Aziz Ansari's Master of None, which premieres in its entirety today on Netflix, might be the best New York comedy of them all. It's almost certainly the smartest; what's surprising isn't how funny it is but how often the show is willing to put humor aside to be poignant.

Co-created by Ansari and Parks & Recreation writer Alan Yang (with help from the late Harris Wittels, who wrote for the series and receives an executive producer credit), each episode of Master of None focuses on a specific topic (examples include fidelity, the portrayal of Indians on television, and subtle sexism) while maintaining a narrative throughline tracking Dev (Ansari), a commercial actor with moderate ambitions about making it big.

Like Louie, the show doesn't shy away from experimenting with structure (stylistic nods to '70s-era Woody Allen abound), but Master of None only does so in service of driving home a point. One standout moment in particular is in the excellent episode "Parents": when Dev refuses to fix his dad's iPad so that he can get to the movies early, the episode cuts away mid-conversation to show the full story of the father's struggles to emigrate from India to America. The juxtaposition is hilarious in execution, but it also serves to explain the full weight of the situation. Importantly, the scene doesn't come across as judgmental. Master Of None often shies away from explicitly taking sides, opting instead to present and explore situations with more nuance.

"Nuanced" is also perhaps the best way to describe Dev, who is a stark departure from Ansari's hyperactive hustler Tom Haverford in Parks & Recreation. Dev is the epitome of passivity and indecisiveness. He didn't choose to devote his life to acting; rather, he was found one day while walking through the city, and the money from doing commercials (particularly a Go-Gurt ad from years back) has afforded him the luxury of prolonged adolescence. It's easy to see many elements of Haverford or even Ansari himself in Dev, but Ansari shows impressive range and subtlety in this portrayal. Indeed, the entire cast, whose diversity is as impressive as it is necessary to the stories Master of None wants to tell, is given moments to show both humor and depth. That's especially true of Lena Waithe as Dev's friend Denise, and Ansari's own parents, who play Dev's parents here and steal every scene they're in.

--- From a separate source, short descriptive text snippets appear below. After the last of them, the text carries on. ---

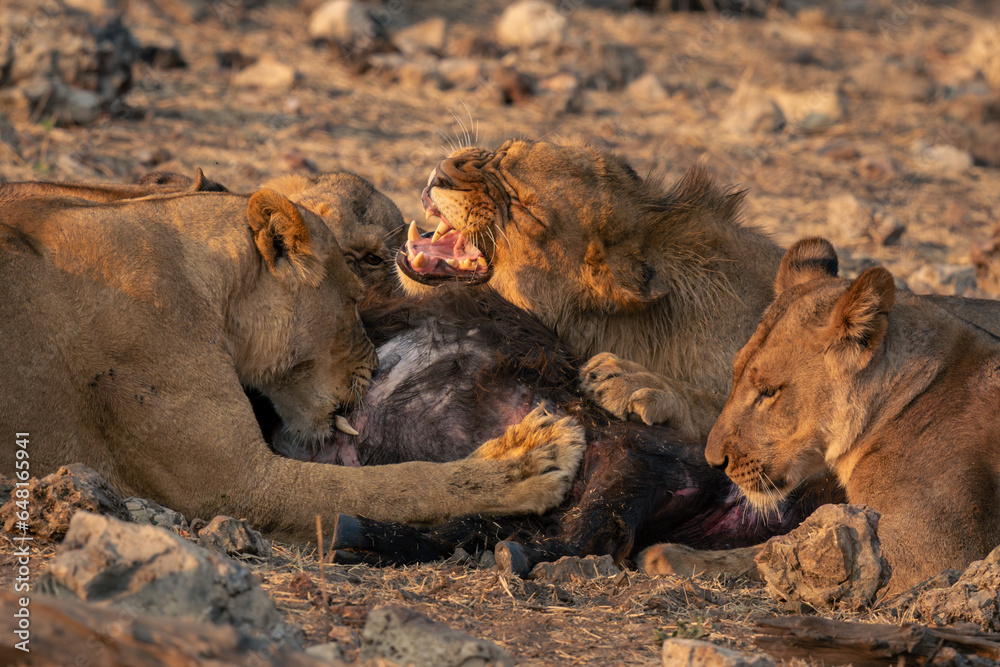 Naklejka premium Male and female lions lying eating buffalo
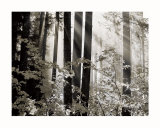 Misty Forest Art par Dennis Frates
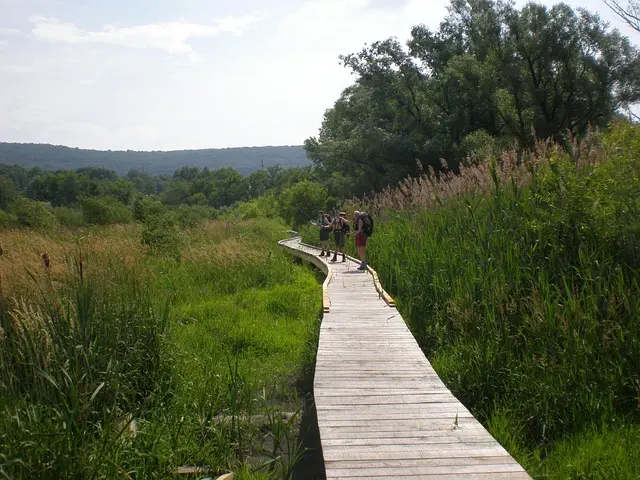Columbia Trail High Bridge: History and Iconic Role in Hunterdon County, NJ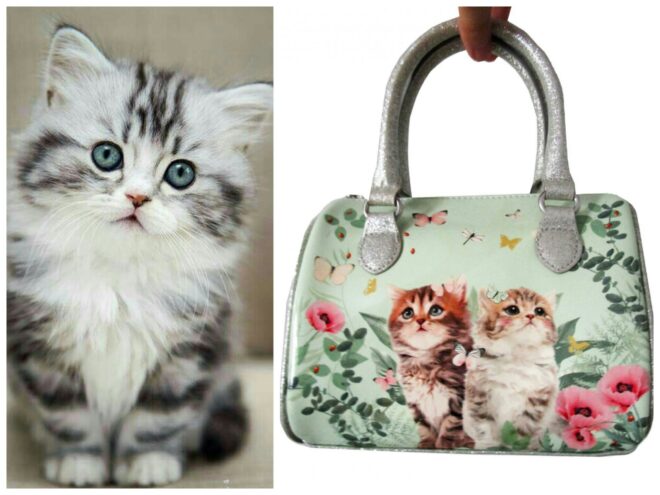 Handbag in imitation patent leather with a kitten print and nature motif. Zip and glittery handles at the top and a decorative imitation leather pendant on one handle. Lined.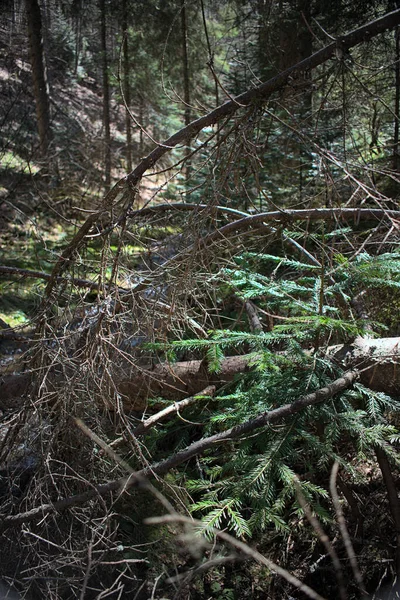 Эксплуатация Леса Сломанными Деревьями Дорожками Шин — стоковое фото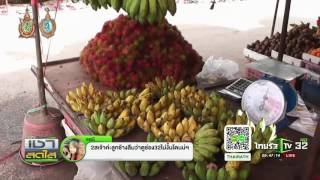 กล้วยแพงที่สุดใน 50 ปี | 02-08-59 | เช้าข่าวชัดโซเชียล | ThairathTV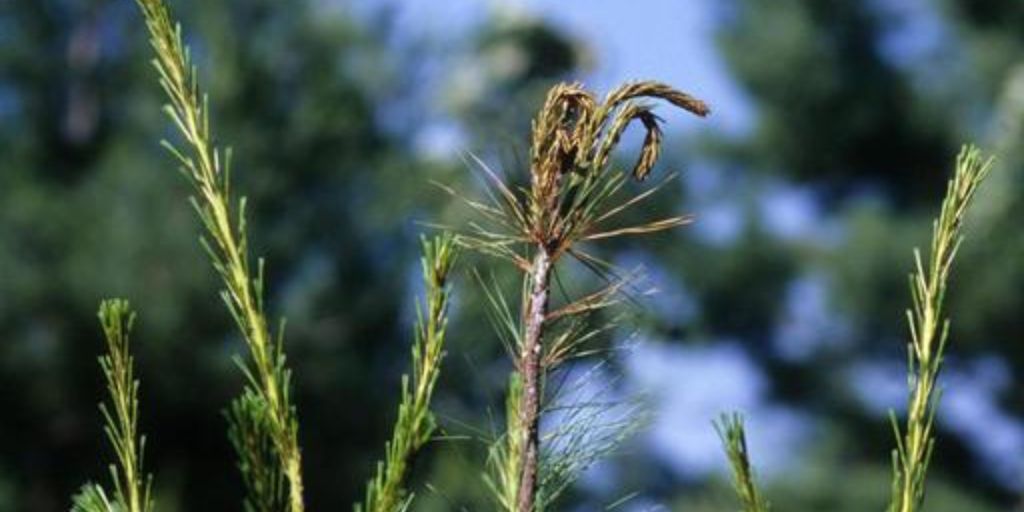 a sample of sheperd's crook on trees infested by white pine weevils.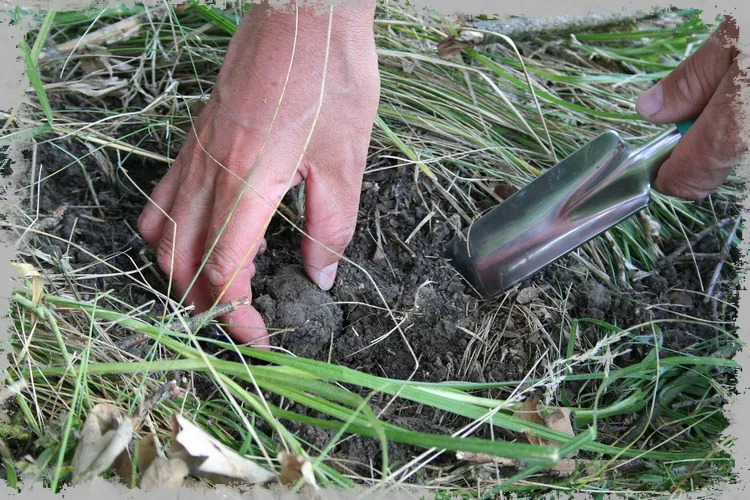 Ученые из Варминско-Мазурского университета выращивают трюфели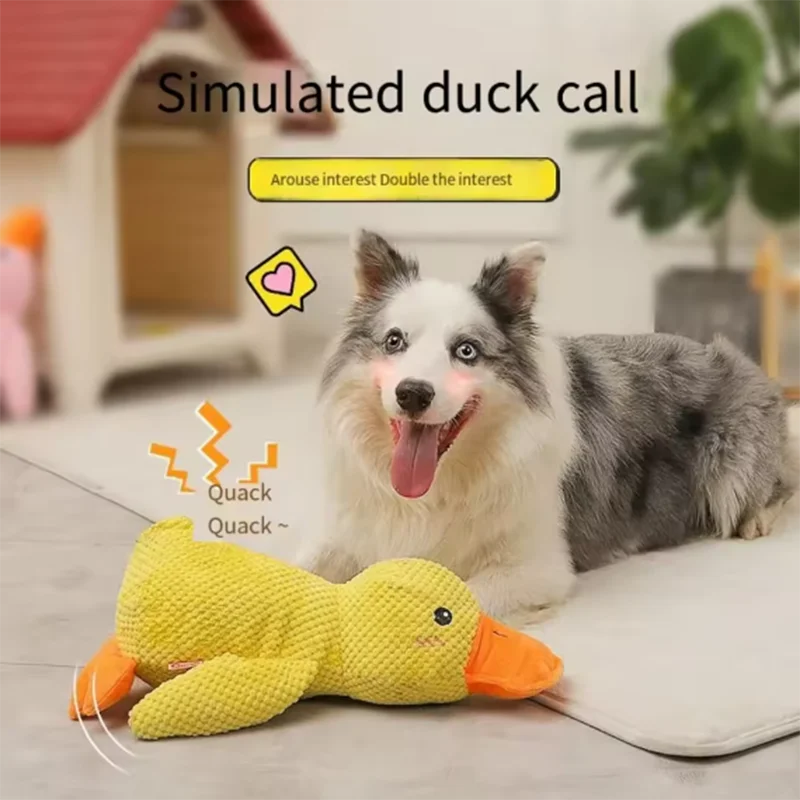 Quietschendes Hundespielzeug Ente – Robustes Kauspielzeug für kleine bis große Hunde, S/M/L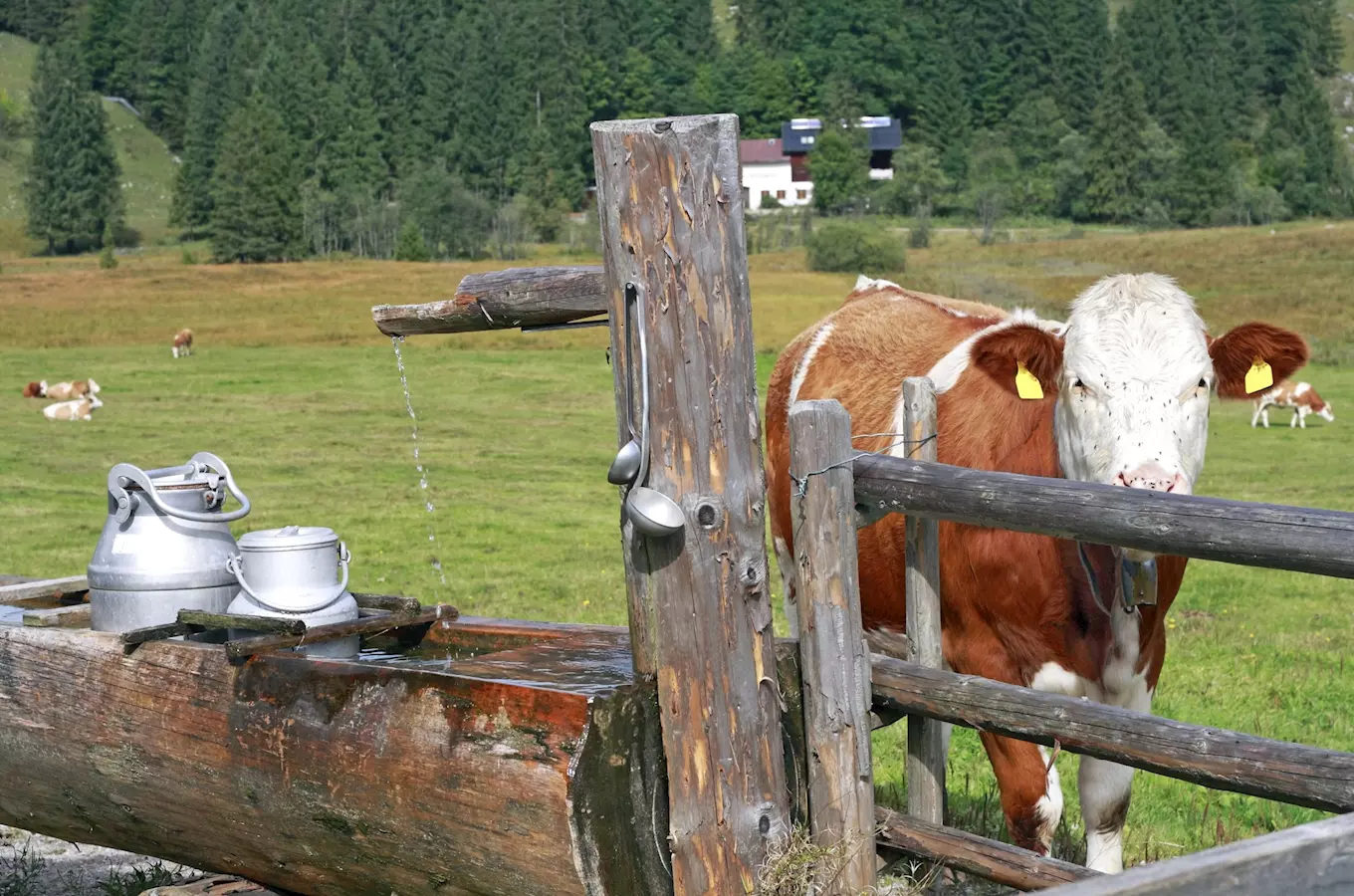 Ukažte detem, jak se žije na venkove a približte jim život farmáru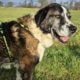 Foivos Zorro Dogsavior Dez24 Beitragsbild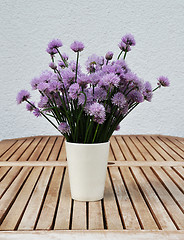 Image showing Flowering chives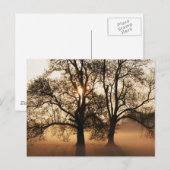 2 BOMEN SEPIA GOLD SINAASAPPEL BRIEFKAART (Voorkant / Achterkant)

But above all else, Master of None stays grounded in reality — even at the expense of humor. That isn't to say there aren't moments for clever sketch work, but Yang and Ansari focus more on creating absurd but wholly relatable moments, like when Dev can't pick a place to eat tacos without first checking every possible food review site ("There are so many taco places, we gotta make sure we go to the best one").

And therein lies perhaps the biggest theme of the show (of which there are many): with so many options available, be it tacos or people to fall in love with, and no impetus to decide, it's easy to become paralyzed. (Ansari explored many of these ideas in his recent book Modern Romance, which also toes the line between serious and silly.) While that's perhaps more acutely obvious in a city like New York, it's a fair observation for so many people who grew up with a smartphone in their pocket. There also happens to be a paralysis of choice for New York comedies (or Netflix original series). As it turns out, it's fairly easy to pick Master of None.